Guardian
June 3, 2012
The American economist has a plan to escape the financial crisis, and it doesn't involve austerity measures or deregulating the banks. But will policy-makers, including our coalition government, heed his advice?
By now you will probably have read an awful lot about the financial crisis. Perhaps I've been reading all the wrong stuff, but until now I hadn't managed to find answers to the most puzzling questions. If the crash of 2008 was preceded by an era of unprecedented prosperity, how come most of the people I know weren't earning much?
Deregulation of financial services was supposed to have made us all better off, so why did most of us have to live off credit to keep up? Now that it has all gone wrong, and everyone agrees we're in the worst crisis since the Great Depression, why aren't we following the lessons we learned in the 1930s?
President Obama attempted one of the biggest Keynesian stimulus programmes. Why has it been only minimally effective? Why do most other western leaders still insist the only way out is to tighten our belts and pay off our debts, when that clearly isn't working either? And how come the bankers, credit agencies and bond traders are still treated with cowed reverence – don't frighten the markets! – when they got us into this mess?

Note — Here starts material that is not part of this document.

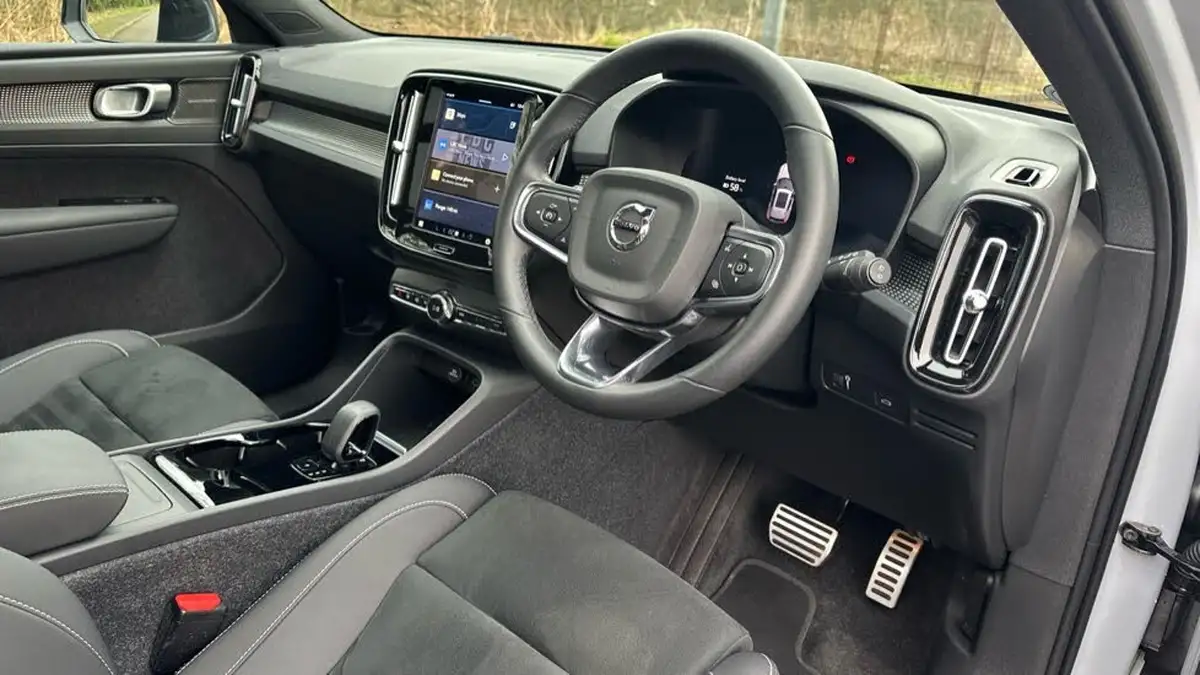 2022-volvo-xc40-e-recharge-pro-big-4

These mysteries were beginning to make me feel as if I must be going mad – but since reading Paul Krugman's new book, I fear I'm in danger instead of becoming a bore. It's the sort of book you wish were compulsory reading, and want to quote to anyone who'll listen, because End This Depression Now! provides a comprehensive narrative of how we have ended up doing the opposite of what logic and history tell us we must do to get out of this crisis.